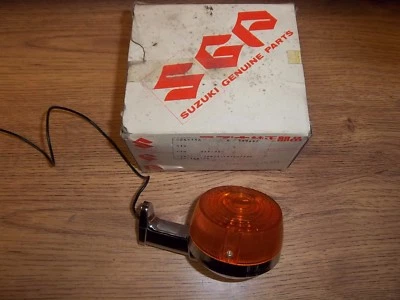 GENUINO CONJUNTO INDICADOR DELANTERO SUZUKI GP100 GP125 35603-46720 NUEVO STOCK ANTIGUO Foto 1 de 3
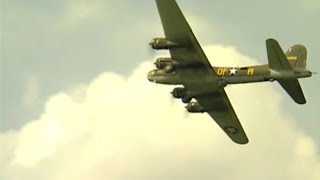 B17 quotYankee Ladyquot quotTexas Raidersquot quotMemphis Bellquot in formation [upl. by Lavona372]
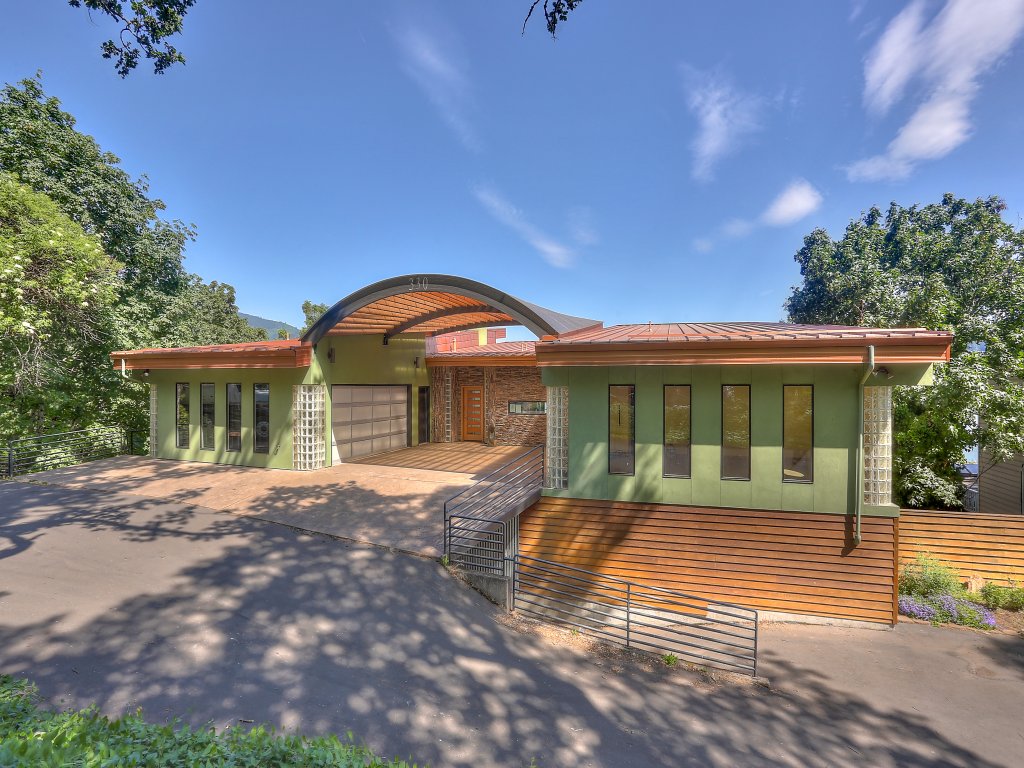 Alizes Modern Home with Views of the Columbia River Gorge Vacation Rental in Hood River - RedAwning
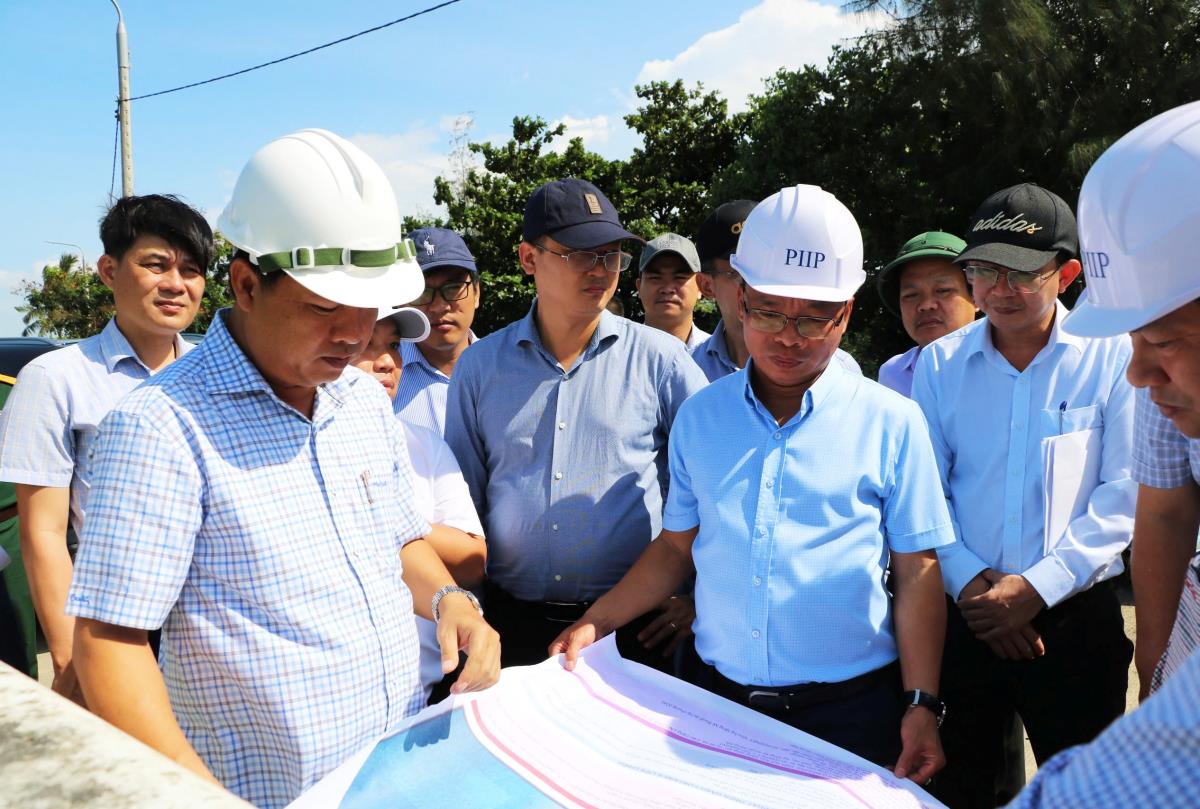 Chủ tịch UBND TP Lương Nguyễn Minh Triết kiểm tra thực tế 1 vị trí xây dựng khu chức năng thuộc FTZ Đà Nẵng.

==

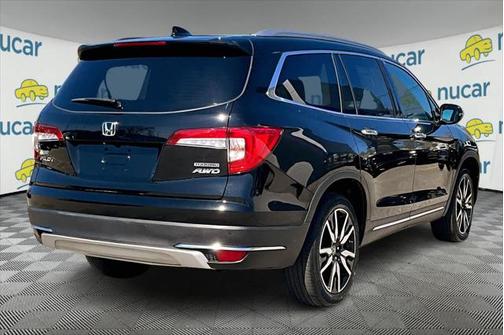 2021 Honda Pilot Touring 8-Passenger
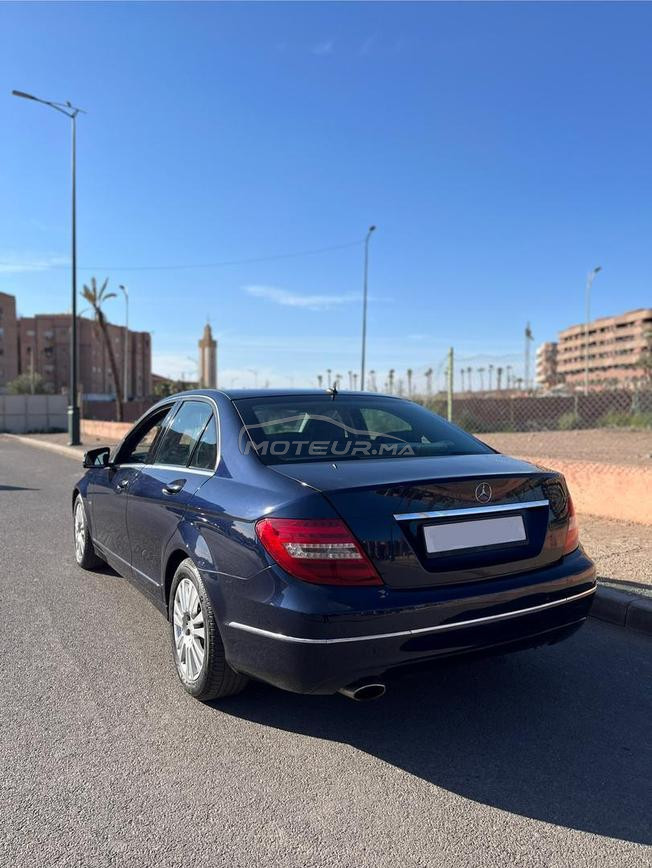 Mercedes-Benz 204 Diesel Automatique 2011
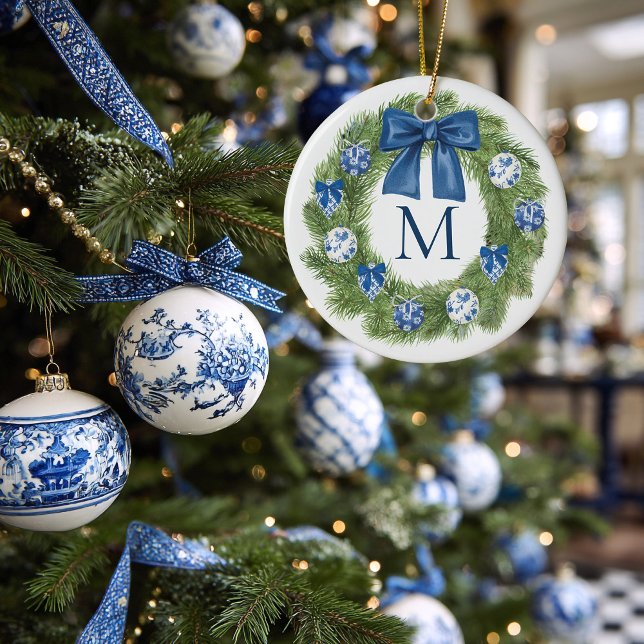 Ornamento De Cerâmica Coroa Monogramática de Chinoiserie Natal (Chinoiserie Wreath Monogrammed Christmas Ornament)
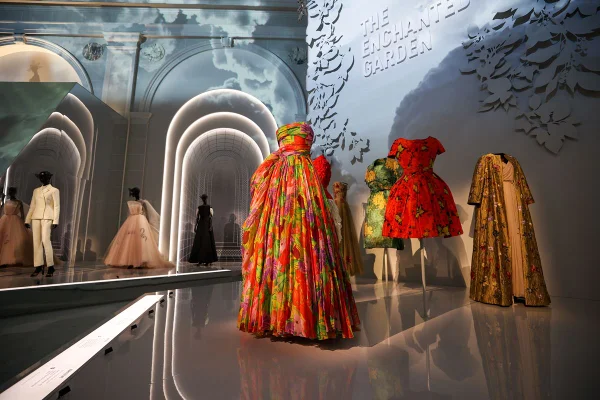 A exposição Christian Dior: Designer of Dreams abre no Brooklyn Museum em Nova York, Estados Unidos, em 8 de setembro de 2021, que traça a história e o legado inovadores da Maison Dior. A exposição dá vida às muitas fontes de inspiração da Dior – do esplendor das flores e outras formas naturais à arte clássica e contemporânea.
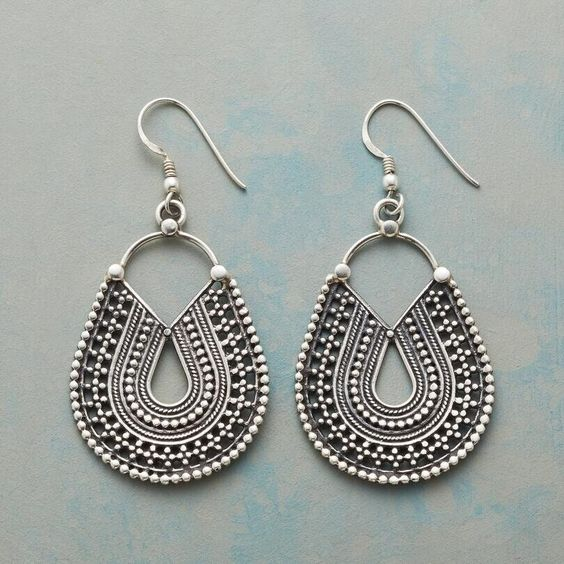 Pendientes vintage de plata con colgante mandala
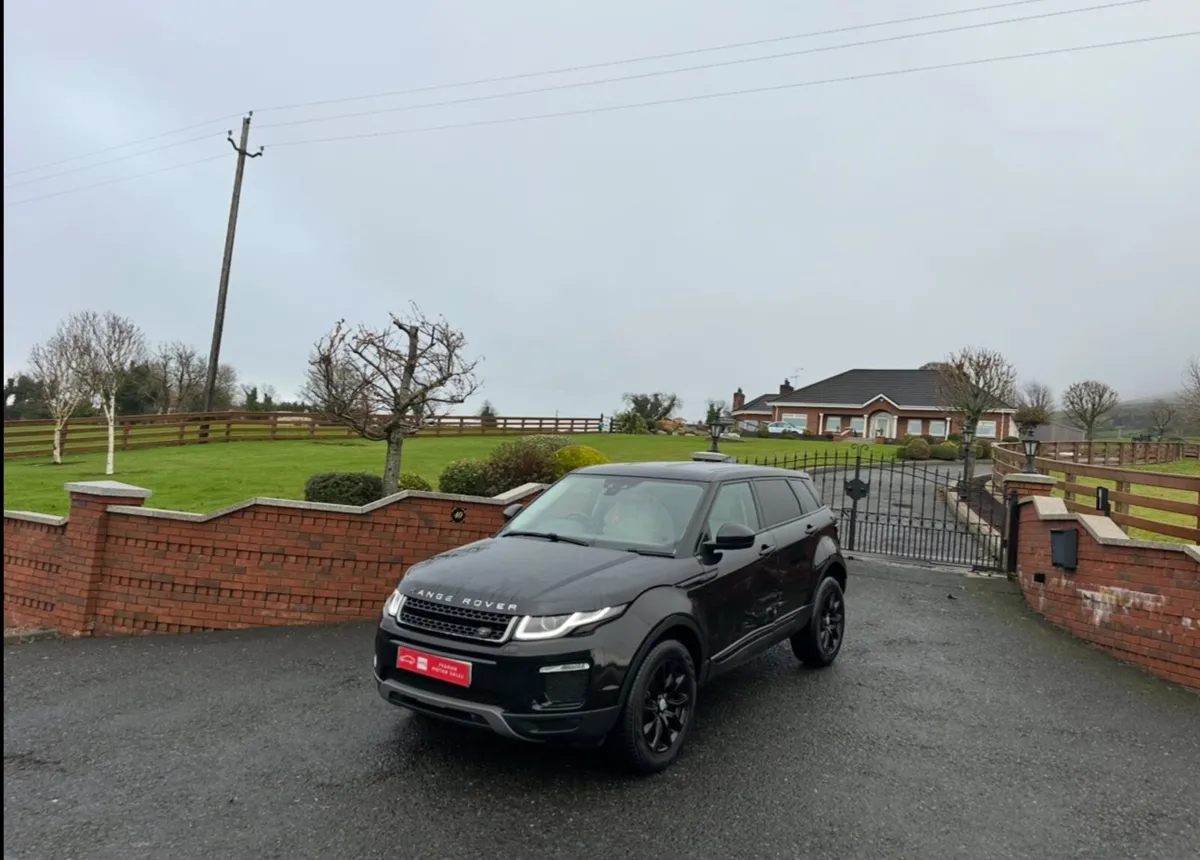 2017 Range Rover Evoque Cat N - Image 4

# [WHAT NEEDS TO BE DONE]
Reproduce the data above exactly, but only the lines from the one showing "GENUINO CONJUNTO INDICADOR" through the one showing "Alizes Modern Home", with both ends kept and the pictures left out.

# [REPLY]
 GENUINO CONJUNTO INDICADOR DELANTERO SUZUKI GP100 GP125 35603-46720 NUEVO STOCK ANTIGUO Foto 1 de 3
 B17 quotYankee Ladyquot quotTexas Raidersquot quotMemphis Bellquot in formation [upl. by Lavona372]
 Alizes Modern Home with Views of the Columbia River Gorge Vacation Rental in Hood River - RedAwning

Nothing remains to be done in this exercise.